El inspector conocía ese tono. Era más capaz de captar el sentido de las entonaciones que usaba Nancy que lo fue de entender los que habían usado cada una de sus esposas. Nancy tenía una mala noticia.
– Suéltalo, Nancy.
– Nuestra amiga ha decidido que quiere hablar. Hoy mismo.
– Estaré de regreso esta noche. ¿No puede esperar?
– Yo suponía que sí, pero Lenhardt dice que hemos de aprovechar la circunstancia. Dice el sargento que vaya yo a verla. Me parece que el jefe teme lo que pueda ocurrir con la prensa en cuanto llegue su madre. Ninguno de nosotros confiaba en lograr sacarla de México tan pronto, sin previo aviso, y… bueno, a la mamá no será fácil controlarla. No podemos acusarla de nada, y si lo desea puede hablar con quien ella quiera.
«Libre, blanca, veintiún años», como habría dicho Tolliver.
– Podría armar un buen jaleo. -Había sido increíble lograr localizarla tan pronto. Lo demás había sido un desastre, pero en eso habían tenido suerte-. Hay que joderse. ¿Y cuándo llega el avión de la mamá?
– A las diez en punto de la noche, justo después de tu vuelo. Y otra cosa…
– No me jodas. ¿Tengo que recogerla yo en el aeropuerto? ¿Qué pasa? ¿Alguien ha aprovechado mi ausencia de veinticuatro horas para bajarme de categoría?
– El sargento dice que estaría bien que alguien fuese a esperarla. No sabemos cuánto tiempo nos va a llevar la declaración de esa mujer. Sería lo correcto… y lo más prudente. Mantenerla lo más controlada posible.
– Ya, claro.
Infante colgó el móvil, fastidiado, y se quedó mirando de nuevo las algas. La batalla que se libró en aquel mismo lugar no había sido tan terrible como insinuaba el nombre de la zona. Durante la guerra llamada de Jenkin's Ear, la Oreja de Jenkins, los ingleses habían repelido allí mismo un ataque de los españoles. Menudo nombrecito para una batalla. También él, Infante, libraba una batalla de mierda y sin nombre siquiera, yendo de acá para allá en aquella ciudad de Georgia, mientras que la agente que había formado pareja con él iba a tener la fortuna de realizar el interrogatorio más importante, y lo iba a hacer precisamente en lugar de él. «La Batalla del Testículo Izquierdo de Infante.» Y encima, ni siquiera podía quejarse de que Nancy le hubiese pegado una cuchillada por la espalda ni montado las cosas así para joderle. No era en absoluto una tía maniobrera. Se preguntó si no sería que Heather se había enterado de que él había ido a Georgia y por eso tenía de repente tantas ganas de contarlo todo.

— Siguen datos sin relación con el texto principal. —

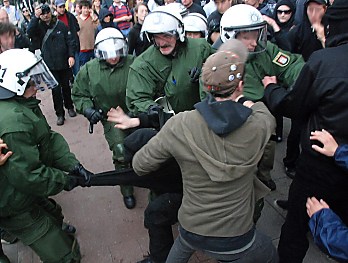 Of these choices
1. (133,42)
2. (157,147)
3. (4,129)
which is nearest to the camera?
(157,147)

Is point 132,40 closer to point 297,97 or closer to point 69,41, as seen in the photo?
point 69,41

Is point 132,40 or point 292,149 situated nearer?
point 292,149

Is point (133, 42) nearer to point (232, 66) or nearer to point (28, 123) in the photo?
point (28, 123)

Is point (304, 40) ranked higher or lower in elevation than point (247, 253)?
higher

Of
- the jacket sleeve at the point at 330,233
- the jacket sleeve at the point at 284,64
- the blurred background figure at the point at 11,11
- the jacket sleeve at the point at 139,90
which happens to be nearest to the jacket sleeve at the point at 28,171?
the jacket sleeve at the point at 139,90

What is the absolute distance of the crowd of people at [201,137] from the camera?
1.81 m

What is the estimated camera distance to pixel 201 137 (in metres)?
1.79

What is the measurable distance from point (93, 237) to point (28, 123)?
1559mm

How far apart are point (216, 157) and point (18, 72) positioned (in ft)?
5.18

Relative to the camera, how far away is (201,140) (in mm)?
1790

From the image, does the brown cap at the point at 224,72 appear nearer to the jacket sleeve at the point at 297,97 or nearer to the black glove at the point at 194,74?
the jacket sleeve at the point at 297,97

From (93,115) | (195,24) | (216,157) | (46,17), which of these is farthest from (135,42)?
(216,157)

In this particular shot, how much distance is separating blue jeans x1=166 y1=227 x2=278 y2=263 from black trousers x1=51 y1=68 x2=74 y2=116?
458cm

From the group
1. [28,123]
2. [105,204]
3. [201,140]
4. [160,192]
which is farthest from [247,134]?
Result: [105,204] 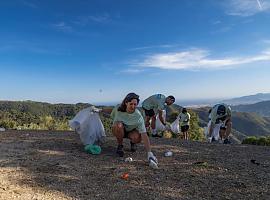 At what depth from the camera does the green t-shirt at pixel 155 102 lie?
31.2ft

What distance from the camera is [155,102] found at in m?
9.59

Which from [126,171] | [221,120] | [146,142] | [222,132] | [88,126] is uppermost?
Result: [88,126]

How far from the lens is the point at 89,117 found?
7.25 meters

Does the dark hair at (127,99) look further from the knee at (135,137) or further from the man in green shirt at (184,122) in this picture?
the man in green shirt at (184,122)

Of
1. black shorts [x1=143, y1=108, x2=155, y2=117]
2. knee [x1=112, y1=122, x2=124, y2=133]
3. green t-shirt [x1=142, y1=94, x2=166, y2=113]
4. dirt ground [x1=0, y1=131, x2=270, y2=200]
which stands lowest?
dirt ground [x1=0, y1=131, x2=270, y2=200]

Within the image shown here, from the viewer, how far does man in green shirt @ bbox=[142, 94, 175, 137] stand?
9492 mm

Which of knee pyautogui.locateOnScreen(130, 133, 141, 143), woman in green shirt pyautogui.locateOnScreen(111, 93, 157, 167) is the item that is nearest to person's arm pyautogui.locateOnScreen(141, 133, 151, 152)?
woman in green shirt pyautogui.locateOnScreen(111, 93, 157, 167)

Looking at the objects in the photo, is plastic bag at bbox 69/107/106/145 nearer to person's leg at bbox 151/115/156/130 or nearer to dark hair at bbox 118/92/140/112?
dark hair at bbox 118/92/140/112

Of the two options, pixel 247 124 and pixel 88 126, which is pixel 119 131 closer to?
pixel 88 126

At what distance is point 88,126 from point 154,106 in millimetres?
2880

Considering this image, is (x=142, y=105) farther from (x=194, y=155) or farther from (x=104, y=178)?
(x=104, y=178)

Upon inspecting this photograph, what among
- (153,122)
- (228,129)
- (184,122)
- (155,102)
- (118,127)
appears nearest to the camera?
(118,127)

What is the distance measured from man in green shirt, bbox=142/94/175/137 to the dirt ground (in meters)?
2.05

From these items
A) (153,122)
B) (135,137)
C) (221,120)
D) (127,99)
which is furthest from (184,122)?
(127,99) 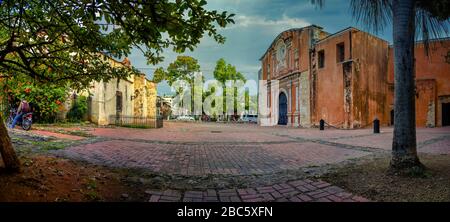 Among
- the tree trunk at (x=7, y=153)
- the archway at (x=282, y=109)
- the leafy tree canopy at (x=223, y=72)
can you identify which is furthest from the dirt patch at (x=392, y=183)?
the leafy tree canopy at (x=223, y=72)

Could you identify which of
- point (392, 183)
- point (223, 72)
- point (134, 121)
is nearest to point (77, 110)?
point (134, 121)

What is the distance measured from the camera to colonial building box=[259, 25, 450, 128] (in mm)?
15953

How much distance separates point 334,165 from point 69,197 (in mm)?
4181

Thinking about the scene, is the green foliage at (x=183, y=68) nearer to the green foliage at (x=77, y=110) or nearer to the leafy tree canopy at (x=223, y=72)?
the leafy tree canopy at (x=223, y=72)

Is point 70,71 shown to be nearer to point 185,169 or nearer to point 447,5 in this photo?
point 185,169

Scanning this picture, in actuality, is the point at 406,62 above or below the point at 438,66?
below

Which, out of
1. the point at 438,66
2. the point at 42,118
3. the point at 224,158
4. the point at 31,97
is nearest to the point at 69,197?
the point at 224,158

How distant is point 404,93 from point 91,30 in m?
4.20

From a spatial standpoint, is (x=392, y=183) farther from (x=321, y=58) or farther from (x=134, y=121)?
(x=134, y=121)

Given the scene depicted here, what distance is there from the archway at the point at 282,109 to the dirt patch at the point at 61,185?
69.6 ft

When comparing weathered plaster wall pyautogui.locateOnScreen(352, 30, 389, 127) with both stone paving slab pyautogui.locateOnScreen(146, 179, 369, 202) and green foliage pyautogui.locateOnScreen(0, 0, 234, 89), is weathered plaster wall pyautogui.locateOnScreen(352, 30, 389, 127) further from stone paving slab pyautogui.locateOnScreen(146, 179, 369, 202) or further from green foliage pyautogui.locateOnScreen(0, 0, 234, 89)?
green foliage pyautogui.locateOnScreen(0, 0, 234, 89)

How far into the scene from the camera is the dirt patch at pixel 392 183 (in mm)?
2578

Joder, cómo detestaba la ciudad de Brunswick.
Capítulo 28
– La cuestión es que su ayuda nos podría resultar muy útil.
Willoughby escuchó la frase, desmenuzó su significado, y sin embargo no fue capaz de reunir fuerzas y contestar. Estaba demasiado hipnotizado por su interlocutora, emocionado y encantado por su sola presencia. «Es una chica a la antigua.» Willoughby sabía que la suya era una actitud machista, pero sólo fue capaz de pensar así en cuanto vio a la joven inspectora. Una mujer con curvas, un tipazo de los del siglo XIX pero que vivía a comienzos del siglo XXI, con unas preciosas mejillas sonrosadas y un cabello sedoso y rubio que caía sobre sus hombros desde lo alto de un moño descuidado. Cuando todavía no se había retirado, ya habían comenzado a trabajar mujeres en el Departamento de Policía. A finales de los ochenta hubo alguna que logró entrar en Homicidios. Pero ninguna de ellas estaba tan buena.